When David Coverdale belts out all that humpahumpa ’bout how he wants to slide it in, go down slow & easy and give me all his love tonight, I suspect it’s really my wife/daughter/mommy/ocelot he’s after, cuz he never sends me flowers and won’t return my calls. Nonetheless he gets forgiven, and not just because he’s a fine tall figure of a 53-year-old English stud with a twinkle in his eye and a gleam in his dental work. No, the former Deep Purple howler is one of the most manful voxationalists around, capable of rocking oh so shamelessly via Whitesnake, his on-and-off project for a quarter-century, and here’s how he does it.
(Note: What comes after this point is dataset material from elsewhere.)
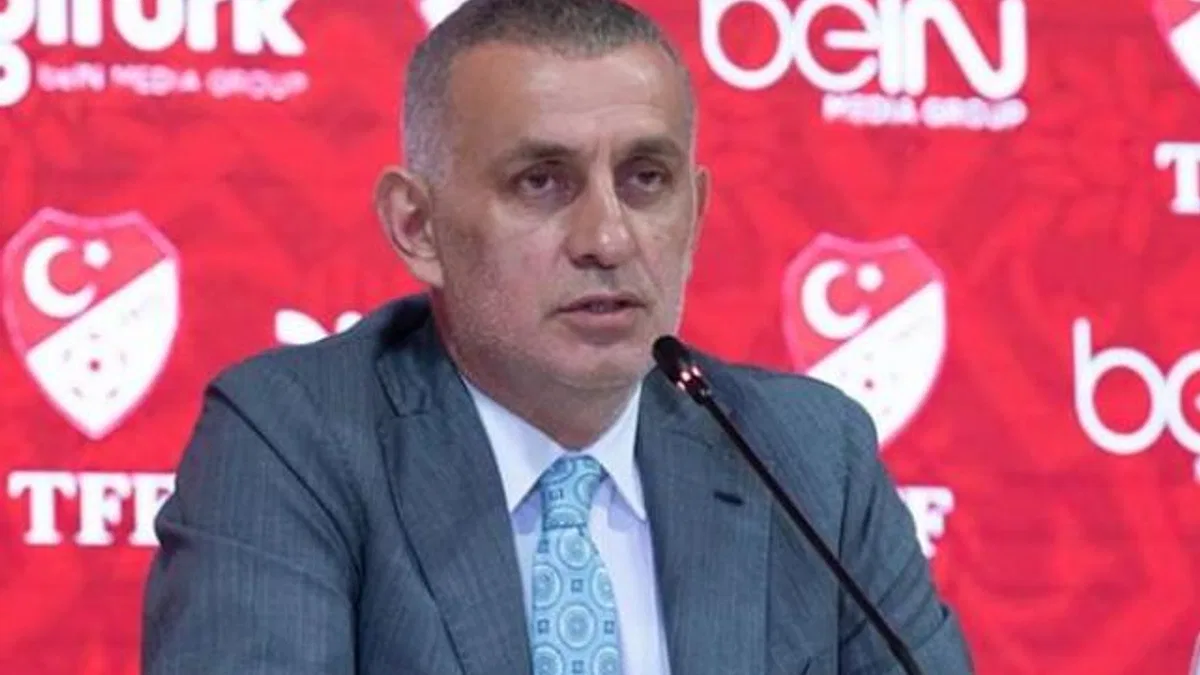TFF Başkanı Hacıosmanoğlu’ndan yabancı kuralı açıklaması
Rule No. 1, of course, is to stock up on shredders, and 2005’s brand of Whitesnake displays nothing but stainless-steel blades. Longtime sidekick Tommy Aldridge was on drums; I have it on good authority that the bathroom was nearly vacant during his lengthy and quite musical solo spot. Uriah Duffy fills in quite gallantly on bass and vocals these days, though he seemed a bit vexed at being omitted from the final group hug. And Coverdale spared no expense on Marshallmen, encouraging the quicksilver trickery of Reb Beach to swordfight with the greasy sausagacity of Doug Aldrich (seen his loose-cannon firepower with Dio?) from the opening rave of “Burn” to the closing jolt of “In the Still of the Night.”
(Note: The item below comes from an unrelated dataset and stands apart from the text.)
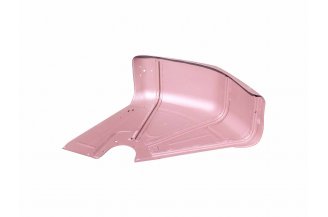 30115501: Mudguard rear LH Z3011/3511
Rule No. 2 — pay attention, kids — has to do with rhythm, and how to break it up, lock it down, bend and stretch it till it cries boogie and ascends to a heaven where even the devoutest Muslim will find no virgins.

Rule No. 3 is to make way for the lion; Coverdale has a rule that no other band member may venture within an elephant’s cock of his flowing locks for the first three-fourths of the set, the better that he may milk his rapport with an audience to whom his love ain’t no stranger, and who exceeded any throng I have ever beheld in their skill at chorusing along with bathetic masterpieces such as “Crying in the Rain.” Wonderfully meaningless music and a balcony full of fake tits makes for timeless entertainment indeed.

Local boy Ricky Warwick’s trio opened, proving beyond doubt that midtempo churn and middlebrow tunesmithery (best evidenced on the jaunty “Long Way Back to Nowhere”), if dead, are far from buried. Buy the drummer a drink; he’s gotta be one bored mother.